====== Data for review

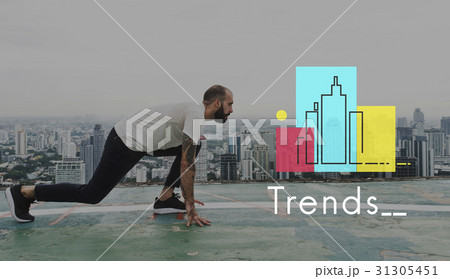 Urban Living City Lifestyle Society Graphic 31305451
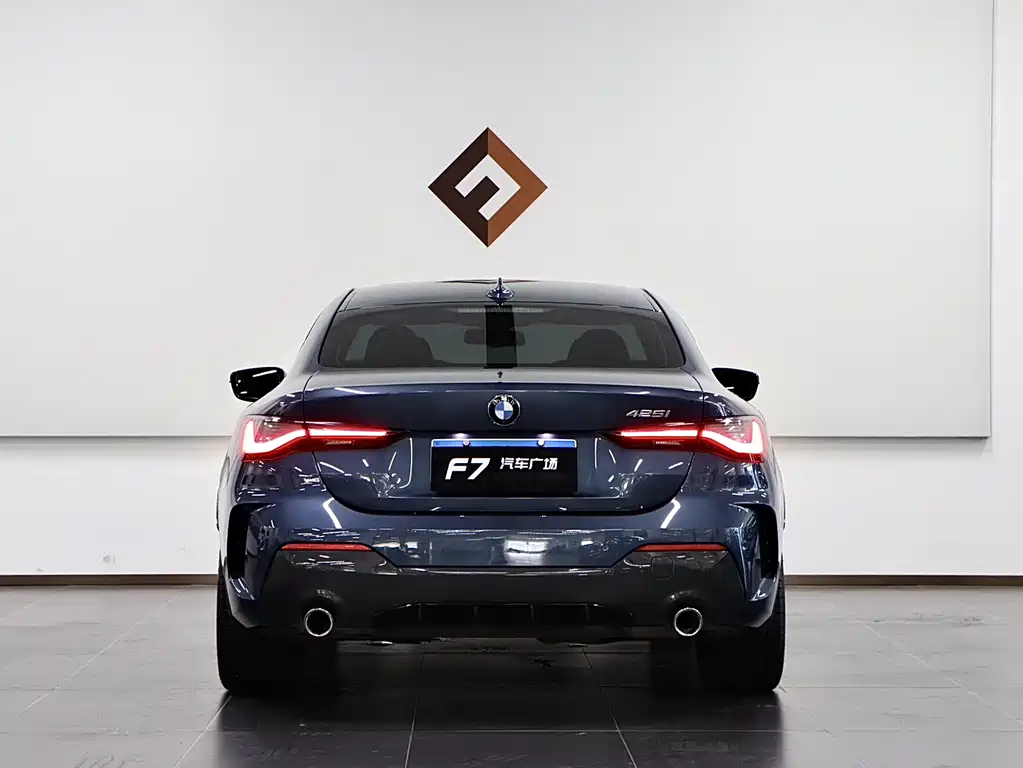 BMW 4 Series — миниатюра 5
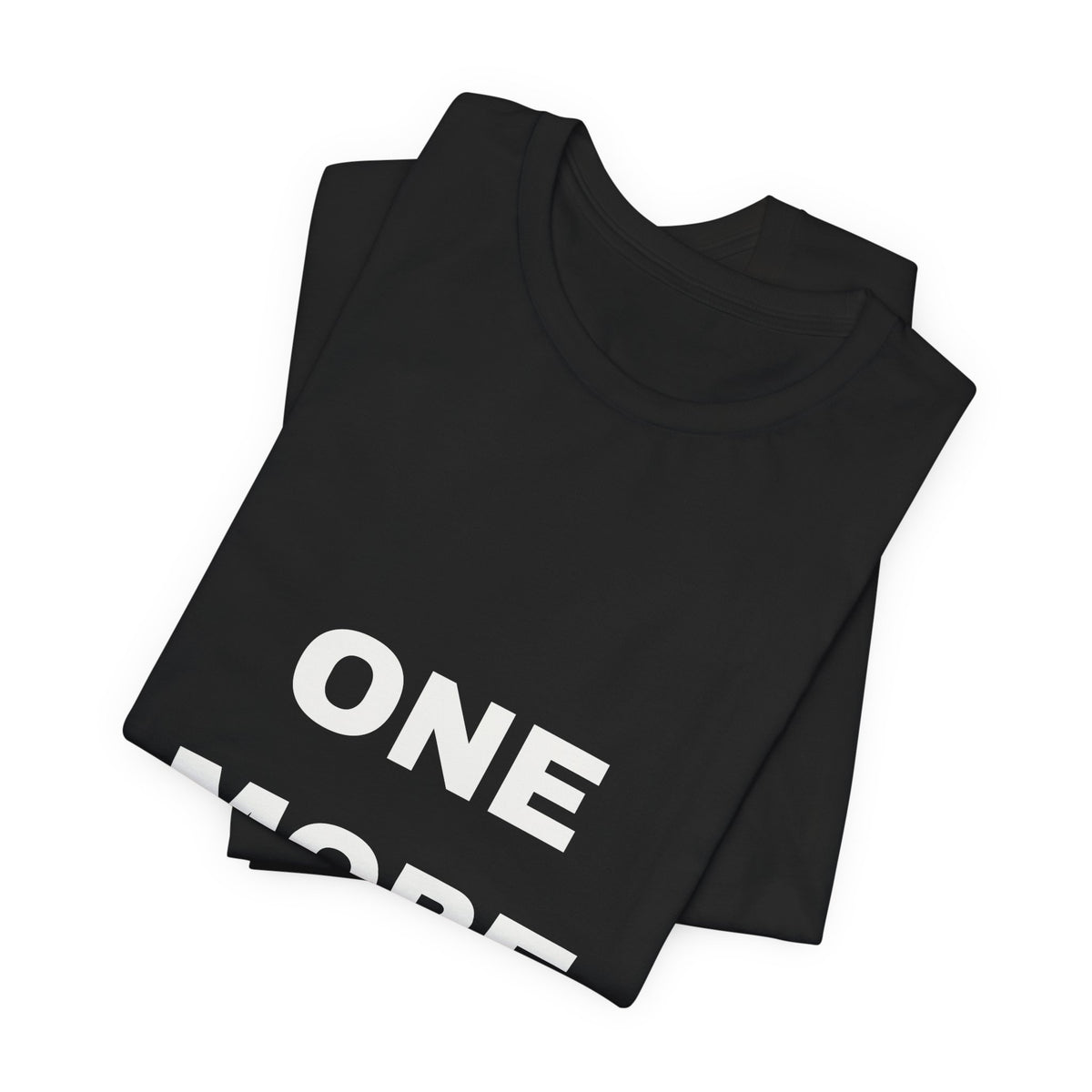 PRINTPANDA One More Chapter T-Shirt - Black or White, S-2XL, Printed to Order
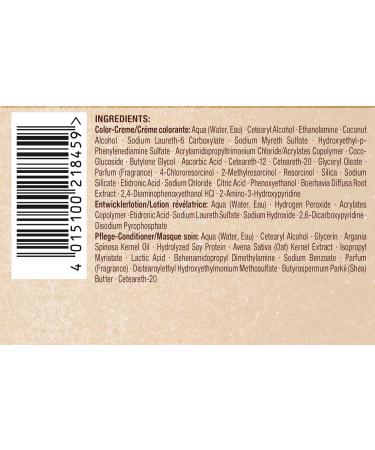 Schwarzkopf Only Love Coloration 7.00 Walnut Brown Hair Color 143 ml - Premium International Shipping - Buy Online on GoSupps.com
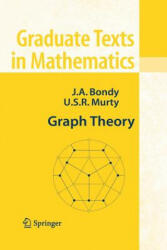 Graph Theory - Adrian Bondy, U. S. R. Murty (ISBN: 9781849966900)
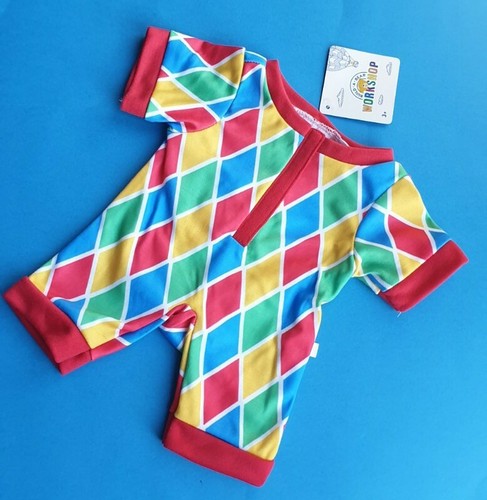 Build bear harlequin - build, sleeper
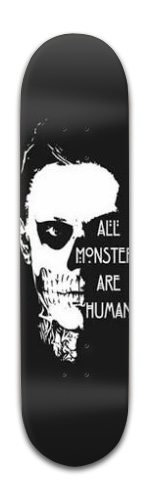 Design 288206 Skateboards, Longboards and Grip Tape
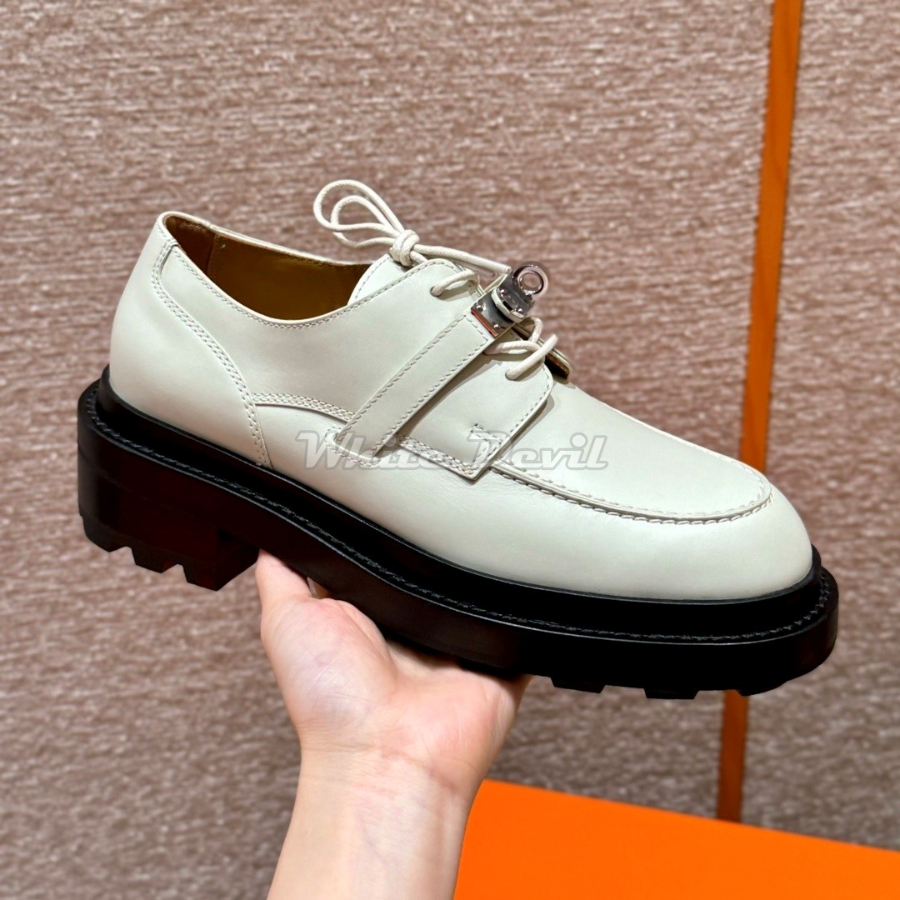 하얀악마 에르메스 퍼스트 더비슈즈 (12).jpg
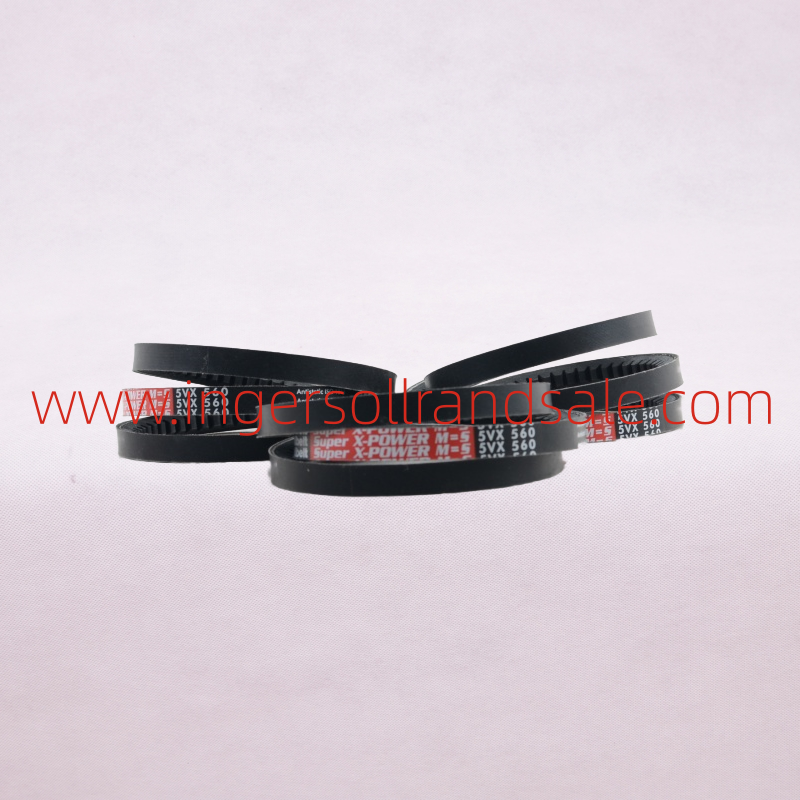 55120056-000 SCR Screw Air Compressor Genuine Parts Belt 5VX-560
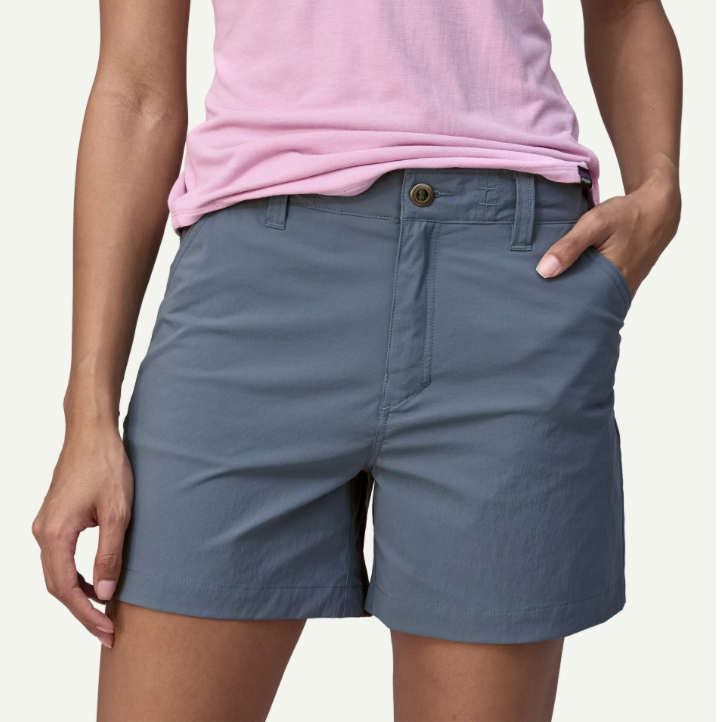 Patagonia Women's Quandary Shorts - 5"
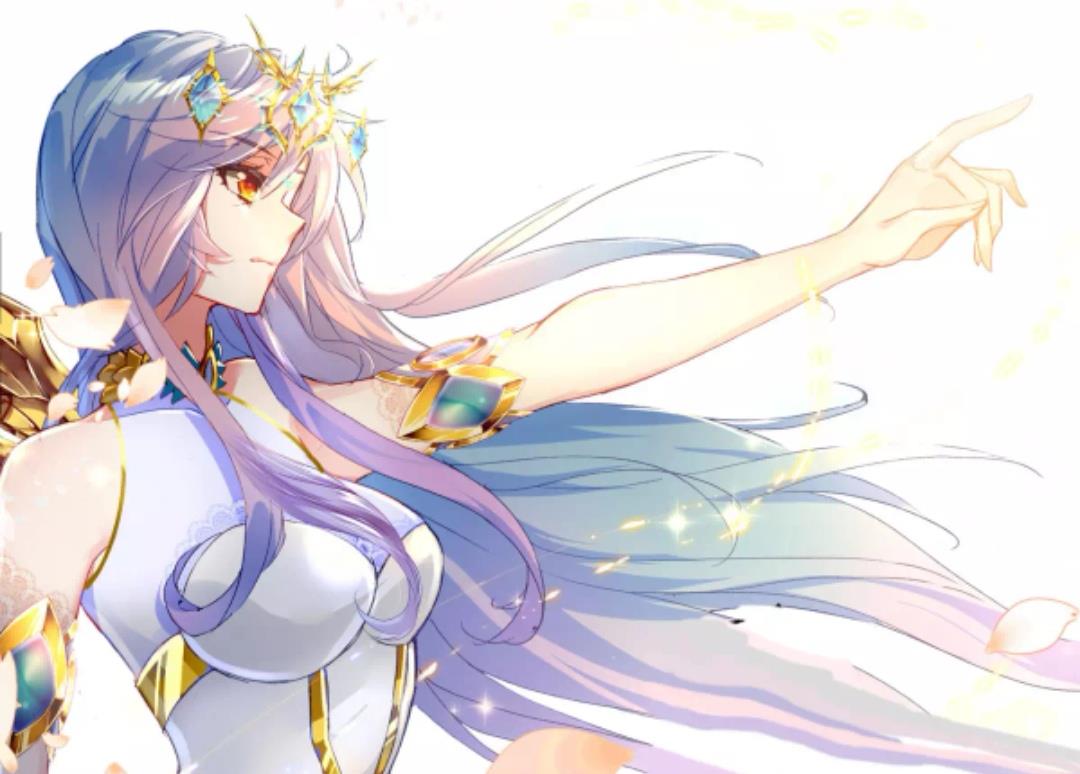 绝世唐门:王秋儿比王冬儿长得更像光之女神,霍雨浩怎么不纠结呢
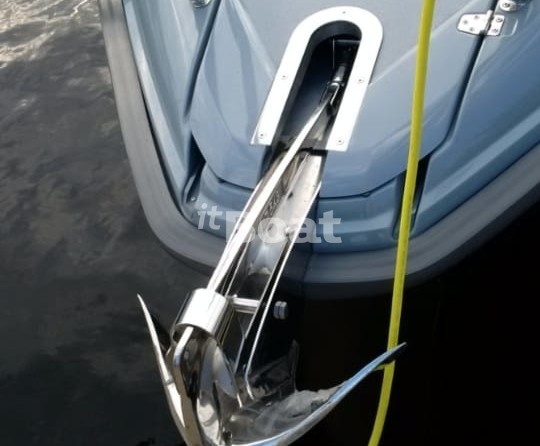 Yamarin Cross 75 Bow Rider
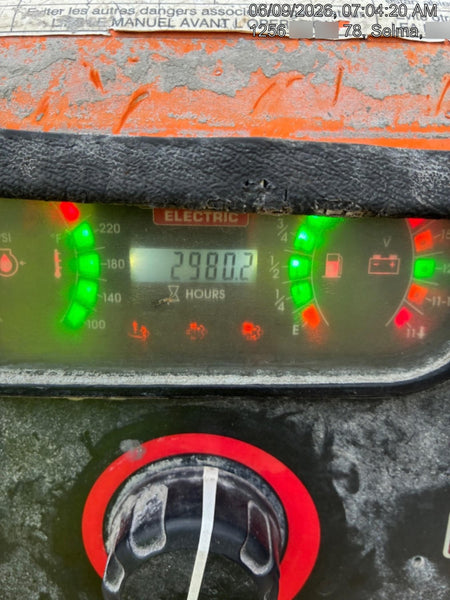 2022 Lincoln Electric Vantage 549X Crosslink Technology, Trailer Mounted, ES Decals, T3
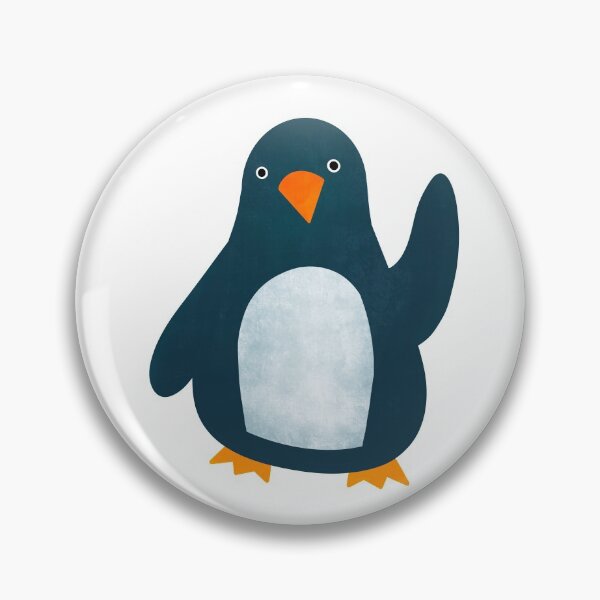 Item preview, Gooby the Penguin designed and sold by magdoodle38.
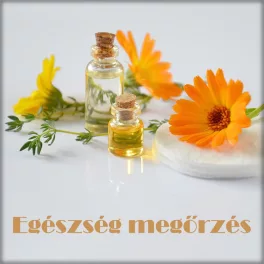 Egészség megőrzés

============

▶ Description of the task:
Your task is to repeat the listing exactly while omitting its pictures.

▶ Exercise result:
 Urban Living City Lifestyle Society Graphic 31305451
 BMW 4 Series — миниатюра 5
 PRINTPANDA One More Chapter T-Shirt - Black or White, S-2XL, Printed to Order
 Schwarzkopf Only Love Coloration 7.00 Walnut Brown Hair Color 143 ml - Premium International Shipping - Buy Online on GoSupps.com
 Graph Theory - Adrian Bondy, U. S. R. Murty (ISBN: 9781849966900)
 Build bear harlequin - build, sleeper
 Design 288206 Skateboards, Longboards and Grip Tape
 하얀악마 에르메스 퍼스트 더비슈즈 (12).jpg
 55120056-000 SCR Screw Air Compressor Genuine Parts Belt 5VX-560
 Patagonia Women's Quandary Shorts - 5"
 绝世唐门:王秋儿比王冬儿长得更像光之女神,霍雨浩怎么不纠结呢
 Yamarin Cross 75 Bow Rider
 2022 Lincoln Electric Vantage 549X Crosslink Technology, Trailer Mounted, ES Decals, T3
 Item preview, Gooby the Penguin designed and sold by magdoodle38.
 Egészség megőrzés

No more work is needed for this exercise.